How to count the sum of at least two consecutive days with same the values, from xarray dataset in python

Question

I have an Xarray dataset with 3 dimensions (time, lon, lat) and a heat variable. The heat takes the values 1 or 0 (1 = more than 30degC, 0 = less than 30degC), and I want to calculate the number of events with at least three consecutive days with value 1 (time is in daily step)

I want to create an xarray dataset with only one-time value (one day) where each pixel will contain the number of events with at least three consecutive days with value 1.

time 155 = all July days for years 2026-2030

xarray.DataArray 'heat' time: 155, rlat: 6, rlon: 4

Do you have some ideas on how to do this?

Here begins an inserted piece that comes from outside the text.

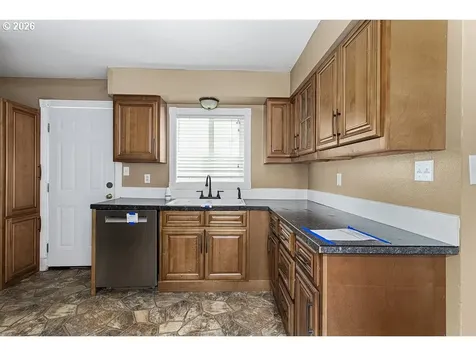 3025 Maple Street Longview WA 98632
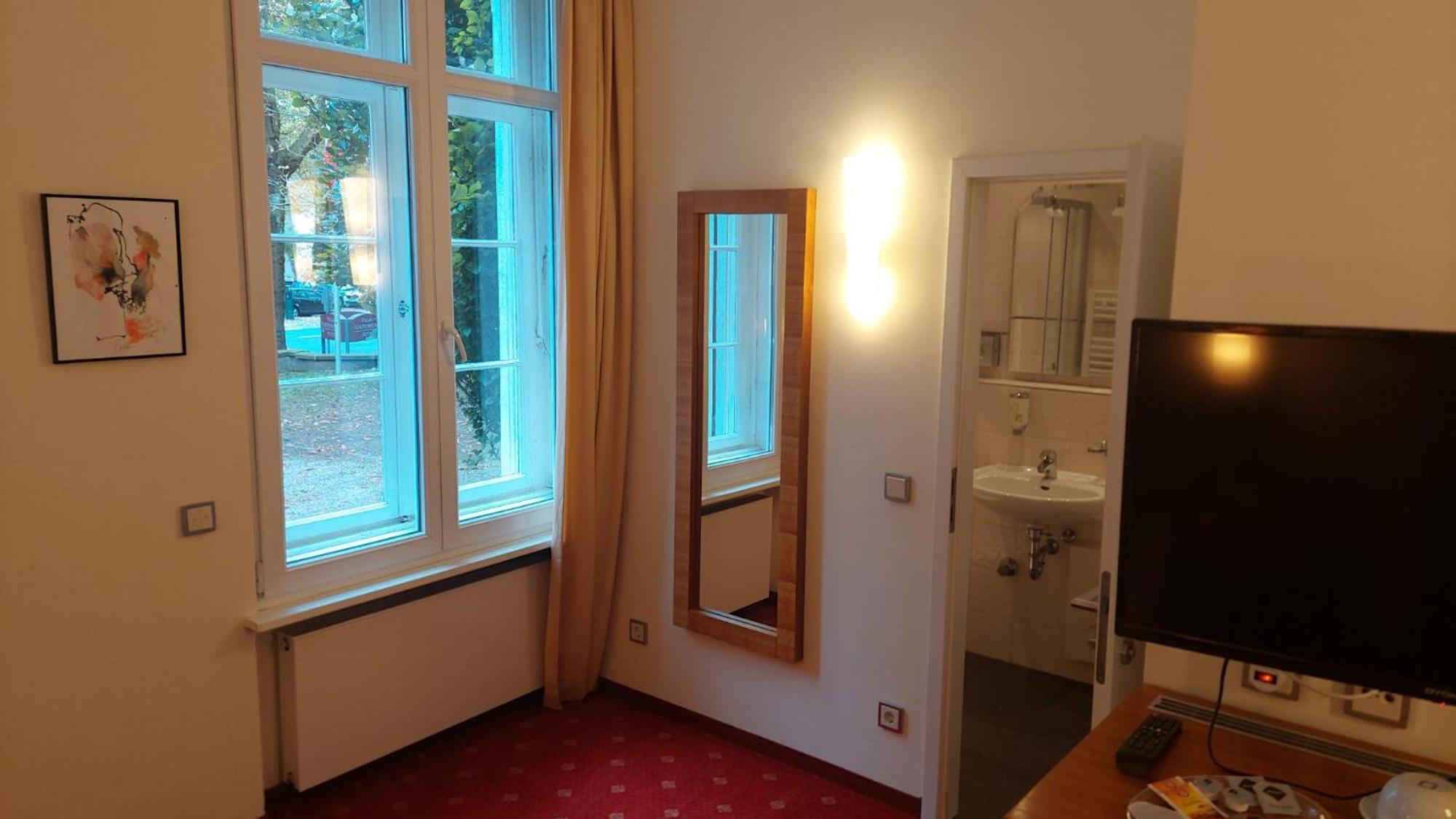 Die Villa, Zimmer 17, Dz Leverkusen Exterior foto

here you can find the netcdf data EC7_heatjulZA26_30.nc

tm = 'C:/Path_to_NC/EC7_heatjulZA26_30.nc'
dmax = xr.open_dataset(tm, decode_coords="all")

da_max = dmax['tasmax']
da_max

*xarray.DataArray'tasmax'time: 155, rlat: 6, rlon: 4*

I sum (the 1 and 0) the data to one 6 x 4 raster, but I want to sum only those which are consecutively behind each other for at least 3 days.

HW=np.sum(da_max,axis = 0)
HW

array([[24, 20, 14, 11],
       [26, 21, 15, 11],
       [23, 23, 15, 12],
       [14, 15, 14, 11],
       [12, 12, 14, 11],
       [14, 12, 15, 13]])

Could you provide some original dataset and the result. Hard to answer the question with code. — Kaison L
– Kaison L, Commented Jun 29, 2023 at 12:31
It is very difficult to answer your question without seeing any of your data nor any of the solution you have written which produces your problem. Please edit your question to show a minimal reproducible set consisting of sample input, expected output, actual output, and only the relevant code necessary to reproduce the problem. See Minimal Reproducible Example for details on how to best help us help you. — itprorh66
– itprorh66, Commented Jun 29, 2023 at 13:51
Could you somehow use differentiation along time axis and original values? Basically, if the np.diff is 0 while the original values are one, there were consecutive time moments with larger than 30 degree values... — msi_gerva
– msi_gerva, Commented Jun 29, 2023 at 13:57
Are there four axes, and a fifth value? Or three axes, with heat the fourth dimension and being the (0-1) value? Having heat as an axis and as a value is awkward to me. — 9769953
– 9769953, Commented Jun 30, 2023 at 8:04
Ok, I added the file for download, the NC has 3 dimensions (time, rlat, rlon ) and 1 variable (heat). — Martin
– Martin, Commented Jun 30, 2023 at 10:11

ClimateUnboxed · Accepted Answer · 2025-05-21 14:13:03Z

An easy logic is to do a runsum on the binary field using the rolling sum function with a window size equal to your event length N, identify the Ns with a logical expression and then just add those up. Thus you can do it in these two lines:

event_len=3 # this is N
ds_sum = ds.rolling(time=event_len, center=False).sum()
events = (ds_sum == event_len).astype(int).sum(dim="time")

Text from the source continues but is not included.